Benefits of Joint Tenants With Right of Survivorship
One of the main advantages of joint tenants with right of survivorship is the ability to bypass probate. When one owner passes away, their share of the property automatically transfers to the surviving co-owner(s), streamlining the inheritance process. This can save both time and money, avoiding the delays and legal fees often associated with probate court.
Another benefit is simplicity in asset management. Joint ownership with right of survivorship ensures that all owners have equal rights and responsibilities, making it easier to manage jointly owned property. This arrangement is particularly useful for married couples or business partners who share financial goals, as it provides clarity and avoids disputes over ownership.
This form of ownership can also provide peace of mind in planning for the future. The automatic transfer of ownership ensures that surviving co-owners maintain control of the asset without intervention from outside parties, such as creditors of the deceased or distant relatives.
Additionally, joint ownership with right of survivorship allows co-owners to enjoy shared access to income-producing assets, such as rental properties or investment accounts. Any income or profits are divided equally among the owners, simplifying financial arrangements.
Cons of Joint Tenancy
While joint tenants with right of survivorship offers benefits, it also has significant drawbacks that require careful consideration. One key limitation is the lack of flexibility. All co-owners share equal ownership, meaning no individual can sell, transfer, or encumber their share of the property without unanimous consent. This can create challenges if one owner wishes to liquidate their interest or disagrees on the property’s use.
Another potential drawback is shared liability. Each co-owner is fully responsible for debts, taxes, or legal claims associated with the property. For example, if one co-owner defaults on personal debts, creditors could pursue the jointly held asset, potentially putting the other owners’ interests at risk.

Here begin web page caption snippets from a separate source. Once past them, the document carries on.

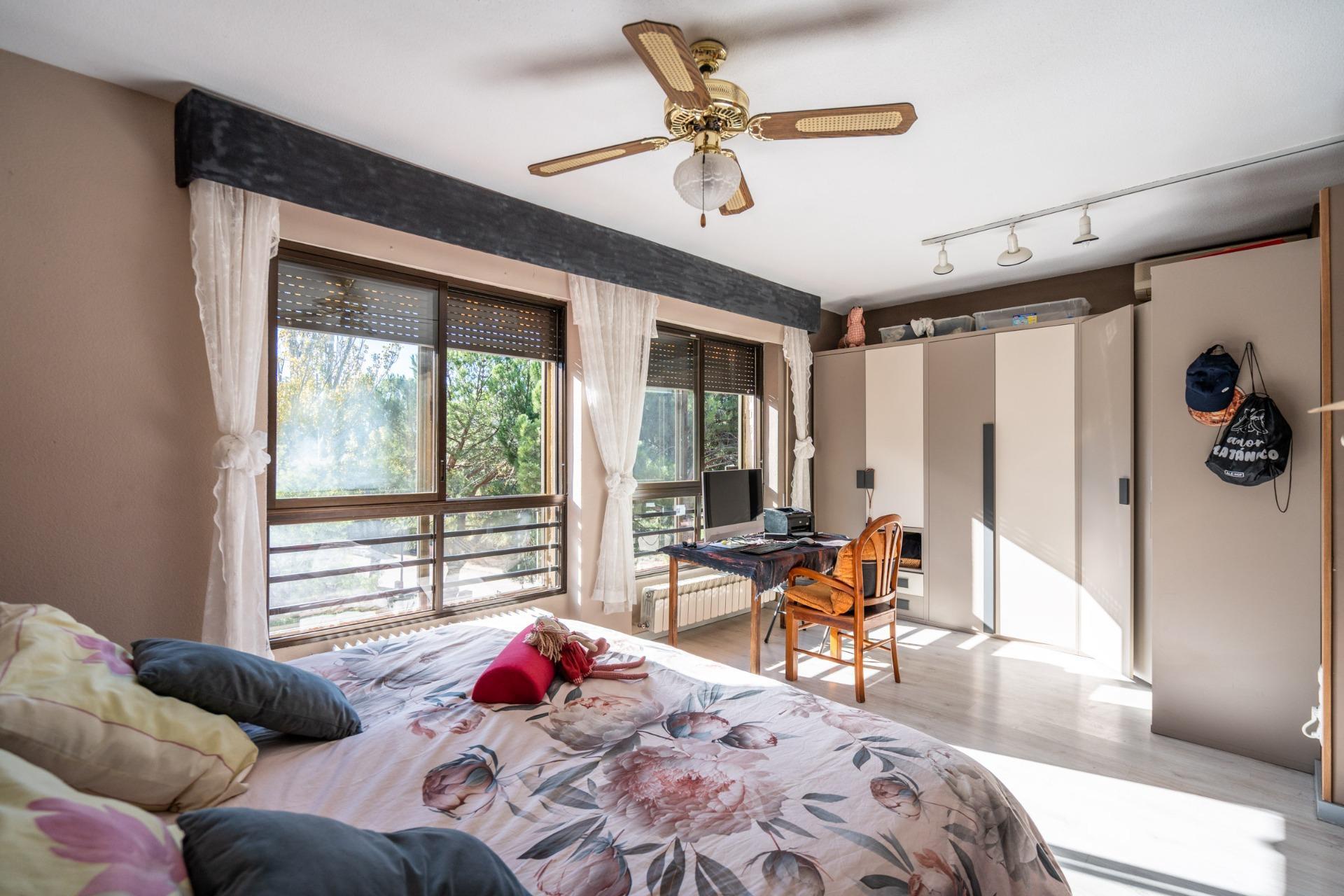 Casas o chalets-Venta-Galapagar-1993610-Foto-48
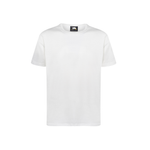 Orn Plover Premium T-Shirt
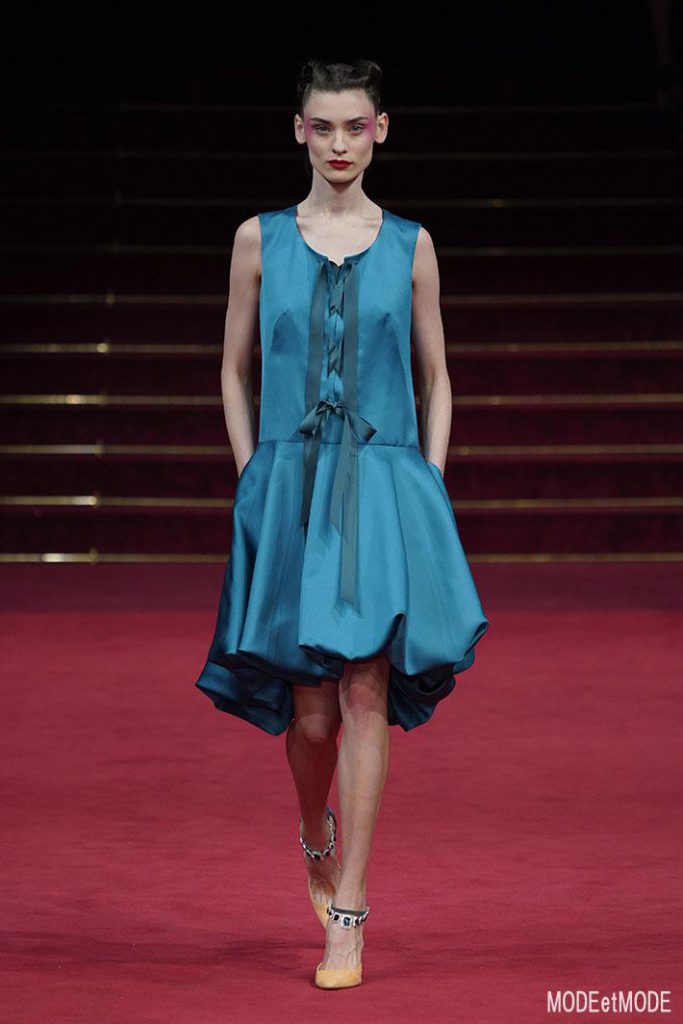 alexis_mabille_ss18hc_018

Additionally, this type of ownership can complicate estate planning. While the arrangement bypasses probate, it overrides any provisions in a will. This lack of control can be problematic if co-owners later wish to direct their share of the property to specific heirs or beneficiaries.

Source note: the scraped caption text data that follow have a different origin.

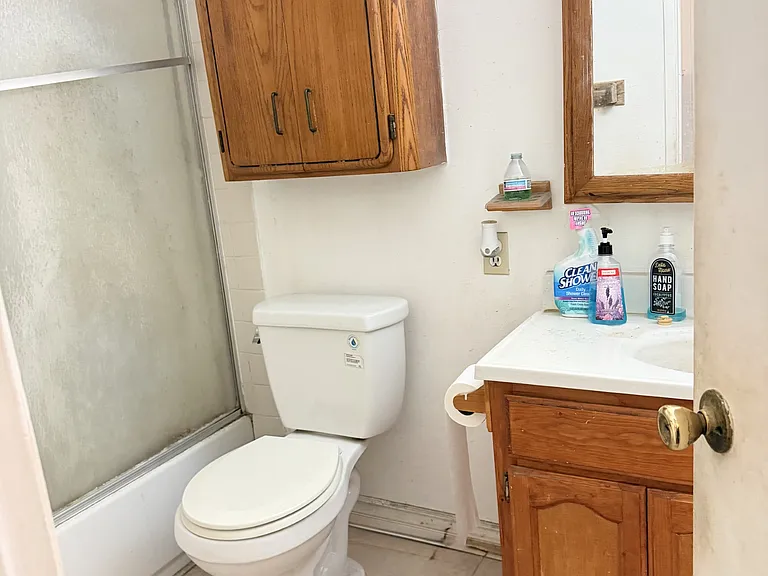 878 1/2 Silver Fir Rd — Photo 3
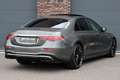 Mercedes-Benz S 63 AMG S E Performance Aut9 | 802pk | MANUFAKTUR | Achter Grijs - thumbnail 7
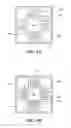 Fig. 06 - Integrated circuit package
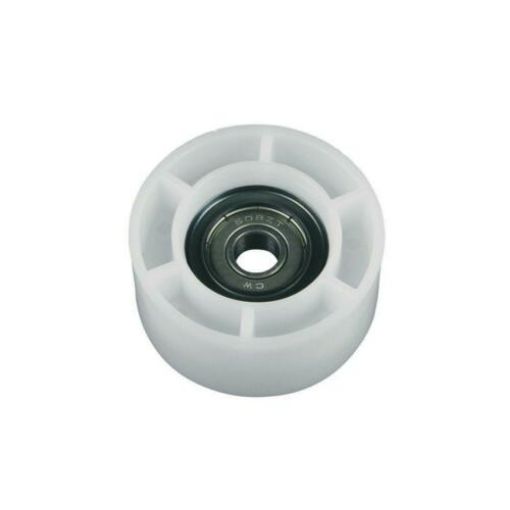 Slika SPANER SUSARE BOSCH 00632045 00305038
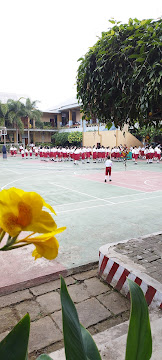 Foto UPT  SD Katolik Renya Rosari, Kabupaten Tana Toraja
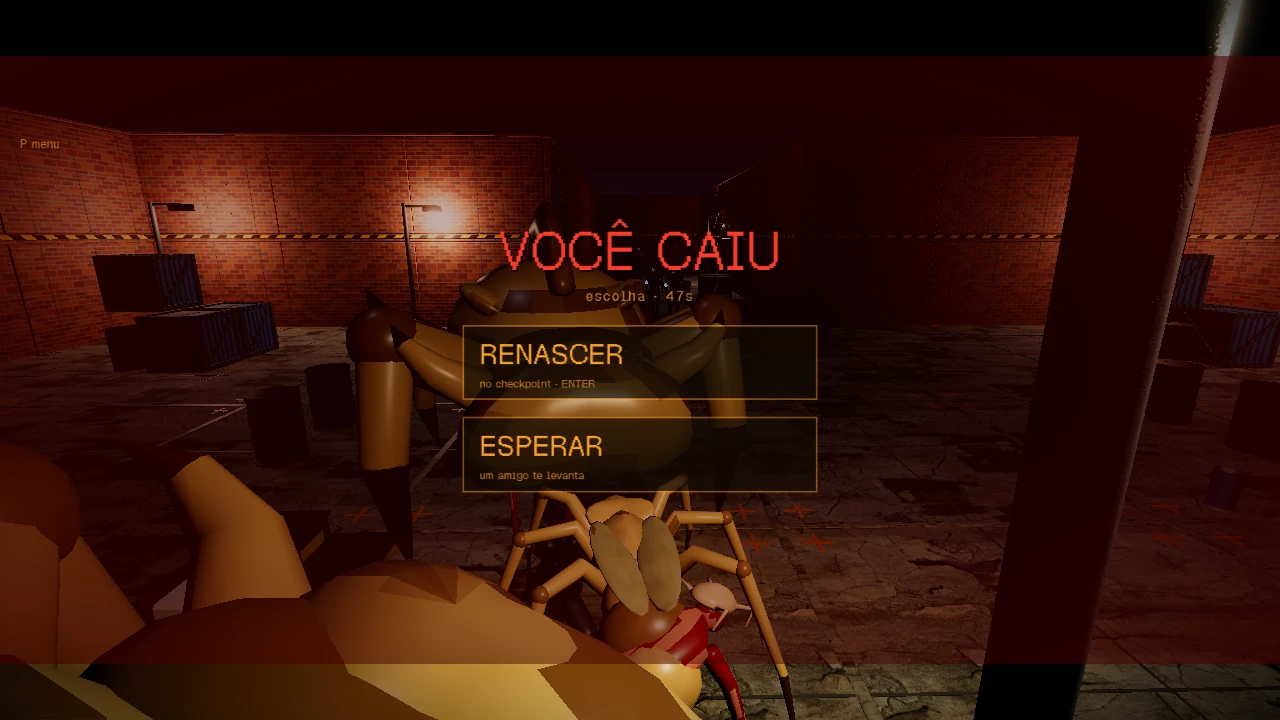 Sven Creator: a moment in the game (1 of 1)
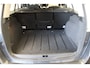 Renault Grand Scenic 1.4 TCe Dynamique |Trekhaak|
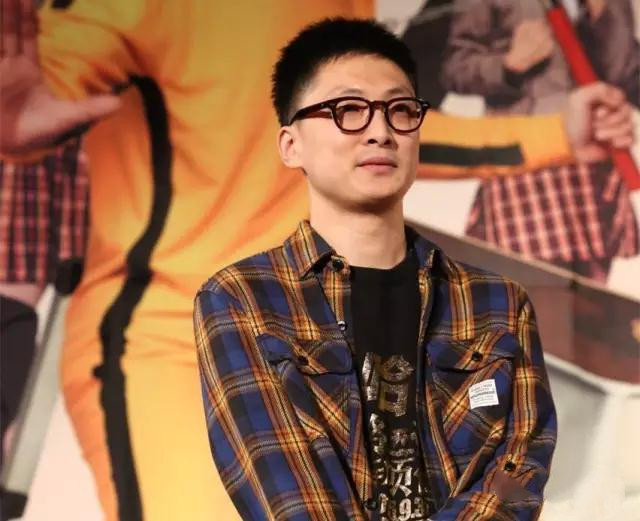 2020舞台剧《旋转卡门》锦州站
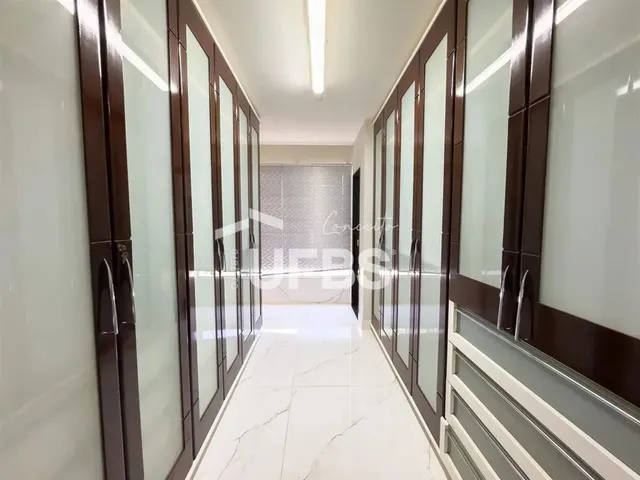 Imagem 7: Sobrado, com 6 Suítes, 9 Vagas de Garagem - 1.000 M² de Terreno com 515 M² De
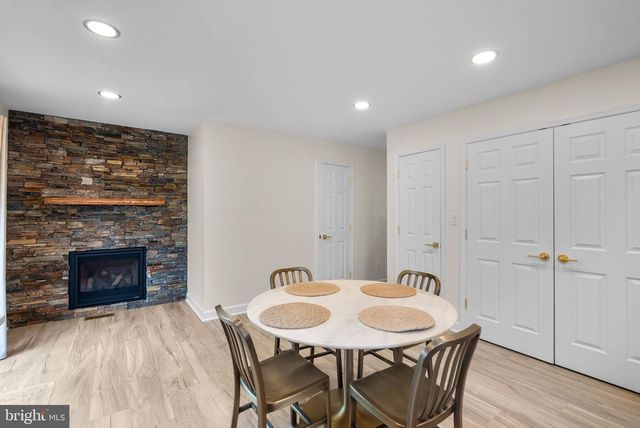 845 SELBY BLVD, Edgewater, MD 21037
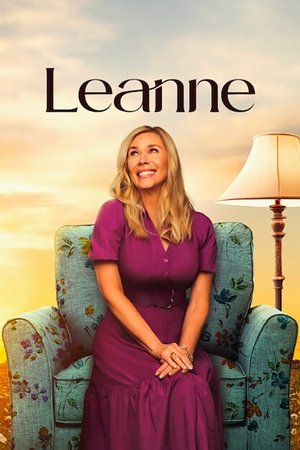 Watch Free Leanne (2025–)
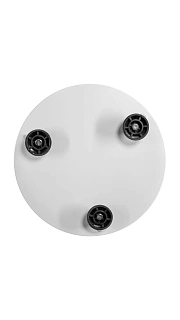 Теплоаккумулятор буферный Viena Tank X 300 (нержавейка 316)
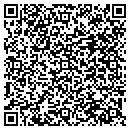 QR code with Senstat Products & Tech contacts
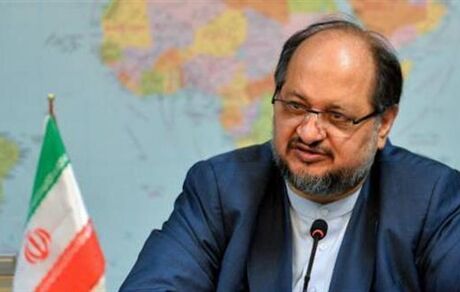 پرداخت به موقع عیدی و پاداش بازنشستگان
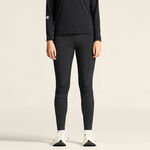 Craft Clothing Craft Subz Light Running tights Women-black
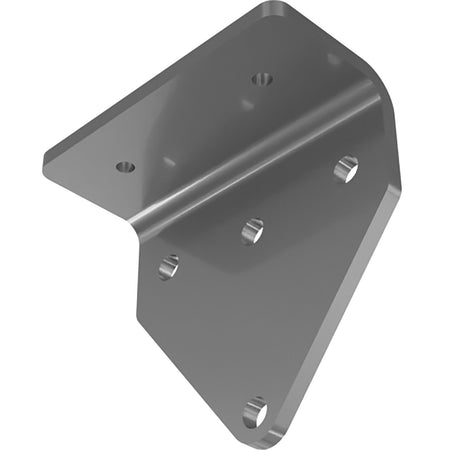 Genie 66732GT FORMING, POTHOLE ACTUATOR, 32
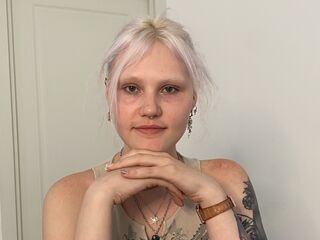 girl cam sex ErnaKietzer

Lastly, joint ownership could lead to unintended conflicts among co-owners. Disputes over maintenance costs, property management, or future plans can strain relationships and make the arrangement difficult to sustain.
Bottom Line
Setting up a brokerage account using joint tenants with right of survivorship has its advantages. But it can also have downsides. You might consider tenancy in common if you want your assets divided differently when you pass away. Talking to an estate planning attorney could help if you’re not sure which option to use. They can help you title investment accounts or other assets with a spouse, business partner or someone else.
Investment Tips
- Consider talking to a financial advisor about setting up a joint brokerage account. Ask whether or not it makes sense for your situation. Your advisor can help you weigh the pros and cons. Also, you can compare the benefits of being joint tenants with right of survivorship versus tenants in common. Finding a financial advisor doesn’t have to be hard. SmartAsset’s free tool matches you with up to three vetted financial advisors who serve your area, and you can have a free introductory call with your advisor matches to decide which one you feel is right for you. If you’re ready to find an advisor who can help you achieve your financial goals, get started now.
- Choose wisely when naming beneficiaries for qualified retirement accounts and life insurance policies. Remember, a named beneficiary would supersede the terms of your will. As you’re planning your estate, consider who will receive your 401(k), IRA, life insurance benefits, etc.